Os U2 de inocentes não têm nada, já de experientes têm tudo. Ao longo de quase duas horas foram exímios anfitriões numa sala de estar que muitas vezes tornou-se intimista, provando que só mantêm a inocência de quatro rapazes irlandeses que continuam a juntar-se para tocarem e cantarem juntos. A Altice Arena lotada com 19 mil pessoas (mil lugares foram retirados para dar lugar a mesas de mistura e a projetores de luz) pareceu pequena para receber “a maior banda do norte de Dublin”, como passa nos ecrãs durante o concerto. O discurso de Charlie Chaplin do filme O Grande Ditador, de 1940, antecede as imagens das várias cidades europeias por onde passa a tour Experience + Innocence, em estado de sítio, com cenários de guerra, ambientes de ditadura e opressão nos anos de 1920 a 1940, abrem a janela para o que se segue. Uma aula de cidadania ativa, de como a democracia só depende de nós todos. “Só não se mete com o Trump”, dizia à VISÃO Nuno Braamcamp, diretor da Ritmos & Blues, antes de começar o espectáculo.
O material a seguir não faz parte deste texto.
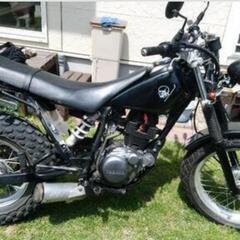➁美品　tw200　一発始動　車検必要無　タイヤブレーキ新品　カスタム　　値段交渉有　税金安い　の画像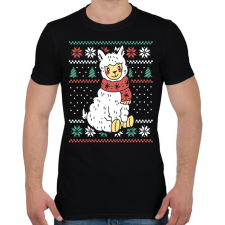 PRINTFASHION Lámás csúnya pulcsi - Férfi póló - Fekete férfi póló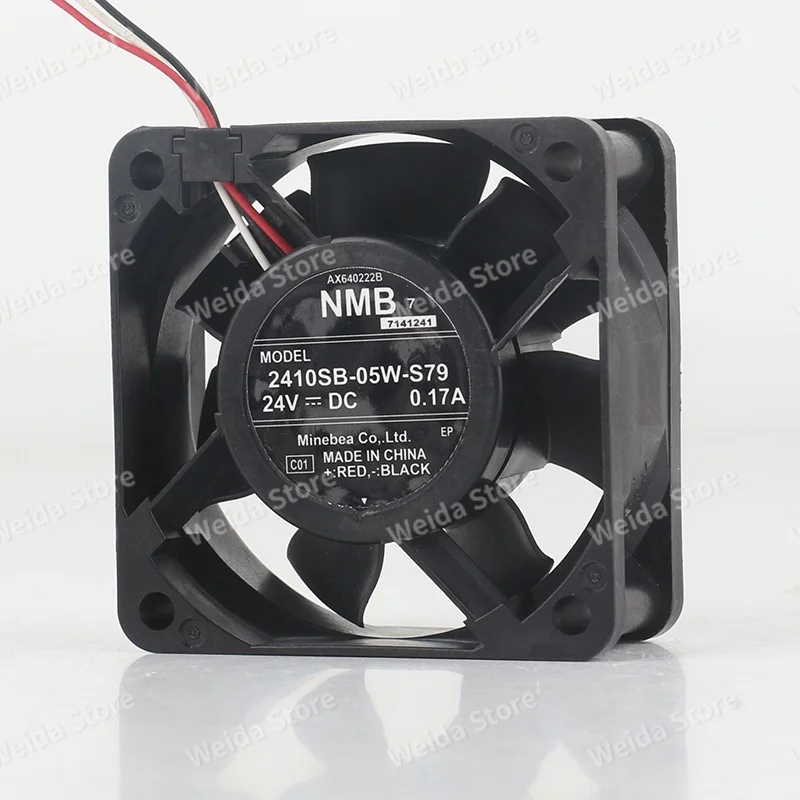 NMB 24V 0.17A AC EC 6CM 6025 60X60X25MM printing machine copier High air volume Silent 2410SB-05W-S79V cooling fan
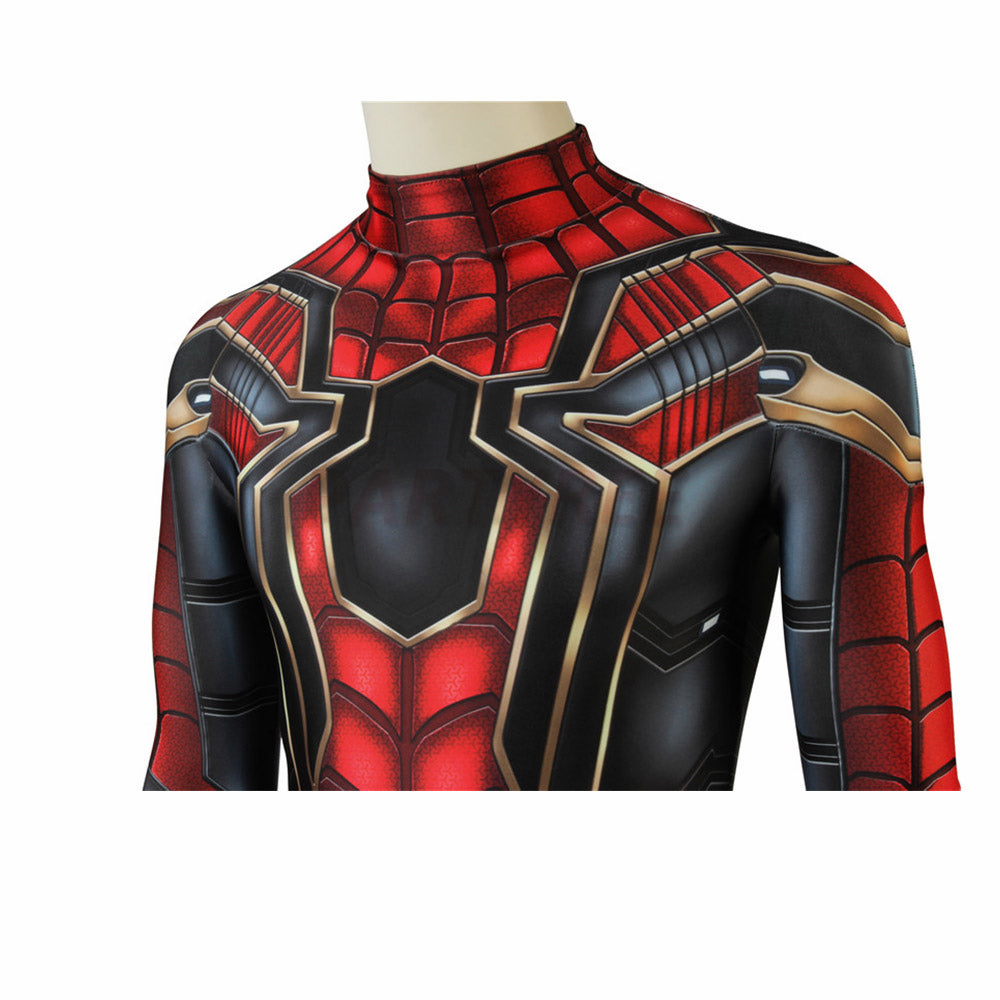 Iron Spider-Man Cosplay Costume Spiderman 3D Printed Jumpsuit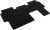 Volkswagen 1T3061273WGK – Felpudo Textil (2ª Fila de Asientos, Terciopelo, 1 Alfombrilla de Tela de una Pieza), Color Negro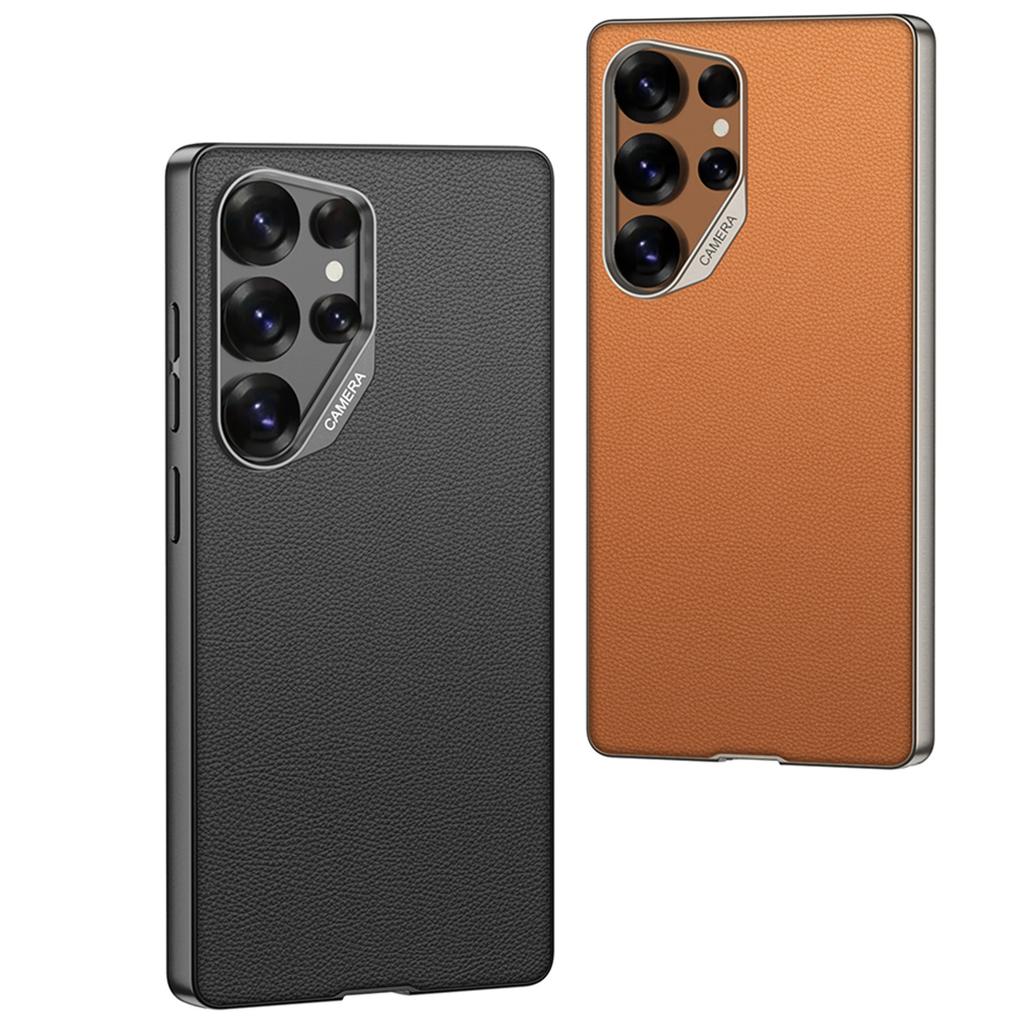 Suitable for Samsung S25Ultra Mobile Phone Case Carbon Fiber Leather Mobile Phone Case S25u Matte Advanced Sense Protection Case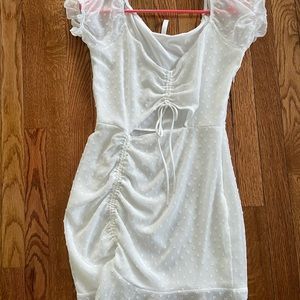 Lucy in the sky white mini dress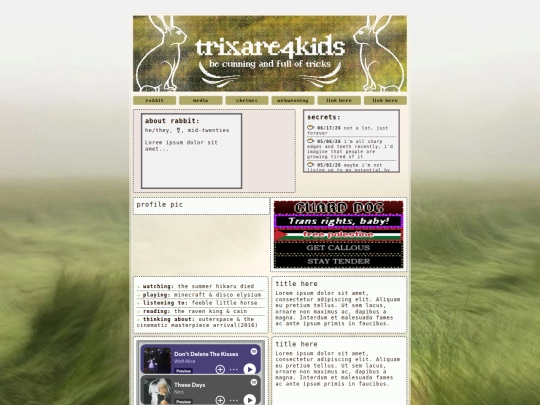 index screenshot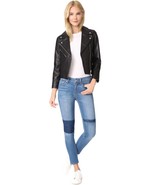 Derek Lam 10 Crosby Mid Rise Devi Authentic Skinny Jeans Sz 28 Patchwork... - €62,78 EUR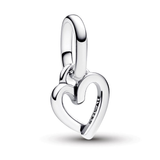 Heart sterling silver mini dangle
Nuno Braamcamp pediu quatro datas de concerto, mas a sorte ditou-lhe apenas duas. “Os U2 mantêm a mesma linha de produção mas com muito bom gosto”, descreve o único promotor de espetáculos que, ao longo de 25 anos, trouxe os U2 a Portugal. “Disseram-me: esta tournée não é para ti, nem para o público em geral, é para os fãs, daí ter sido delineado para salas fechadas.”
Nuno Braamcamp concorda que os dois últimos álbuns que dão o mote para a digressão, Songs of Innocence (2014) e Songs of Experience, o último álbum dos U2, o 14.º de estúdio editado em dezembro de 2017, não tiveram a atenção suficiente do público. Até falou com Bono sobre o assunto, mas o cantor disse-lhe que querem continuar a lançar novos trabalhos. Antes do concerto, os dois tiraram um fotografia para a posteridade e Nuno achou-o mais magro e com ar cansado.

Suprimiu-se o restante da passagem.